Mais, par exemple, la ville de Nogales: elle est divisée par un mur entre deux pays: sa partie nord se trouve aux États-Unis et sa partie sud au Mexique. Les revenus des «nordistes» sont trois fois plus élevés que ceux du «sud», ils ont une espérance de vie plus longue, la plupart des adolescents vont à l’école et les adultes n’ont pas peur des vols et de l’expropriation de leur entreprise. Les «sudistes» ont moins de chance: bien qu’ils vivent dans une région prospère du Mexique, ils sont trois fois plus pauvres que leurs voisins du nord, la plupart des adultes n’ont pas de diplôme scolaire et la plupart des adolescents ne vont pas à l’école, le taux de criminalité est élevé, et il n’est pas sécuritaire d’ouvrir une entreprise. De plus, la géographie et le climat des deux parties de la ville sont absolument les mêmes. L’origine des habitants est la même : historiquement, la partie nord se trouvait au Mexique, et les habitants des deux côtés du mur ont des ancêtres communs et des cultures et traditions similaires.
La seule raison de la différence dans la qualité de vie et le niveau de bien-être des habitants des deux quartiers de Nogales est le mur lui-même: des côtés opposés de celui-ci, les gens vivent dans des conditions institutionnelles différentes. Dans la partie nord, il existe des institutions économiques américaines qui permettent de faire des études, de choisir une profession, de créer sa propre entreprise et d’encourager les investissements pour augmenter les profits ; et des institutions politiques qui leur permettent d’élire leurs représentants et de les changer en cas de performances insatisfaisantes. Les habitants de Nogales «mexicains» vivent dans un monde complètement différent, dans lequel des institutions complètement différentes ont créé des incitations complètement différentes.

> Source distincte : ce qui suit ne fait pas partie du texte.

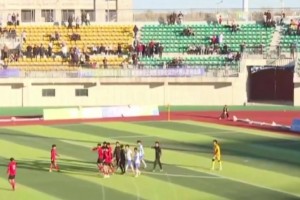 真部落戰(zhàn)爭！蒙超赤峰vs呼倫貝爾比賽最后一分鐘門將直接急眼??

Avec cet exemple, Acemoglu et Robinson commencent leur livre Pourquoi certains pays sont riches et d’autres sont pauvres, dans lequel ils montrent que Nogales n’est pas du tout une exception, mais fait partie d’un modèle clair. Mais si tel est le cas, pourquoi certains pays ont-ils développé des institutions qui favorisent la prospérité, alors que d’autres y font obstacle?
Dans leur premier ouvrage commun et l’un de leurs ouvrages fondateurs, publié en 2001, Acemoglu, Johnson et Robinson associent les raisons de cette situation à la fondation des premières colonies par les Européens il y a 500 ans. Les auteurs ont étudié environ six douzaines de pays actuels qui ont été colonisés à l’ère des découvertes – les chercheurs ont considéré cette colonisation comme une expérience naturelle se déroulant dans l’histoire de l’humanité.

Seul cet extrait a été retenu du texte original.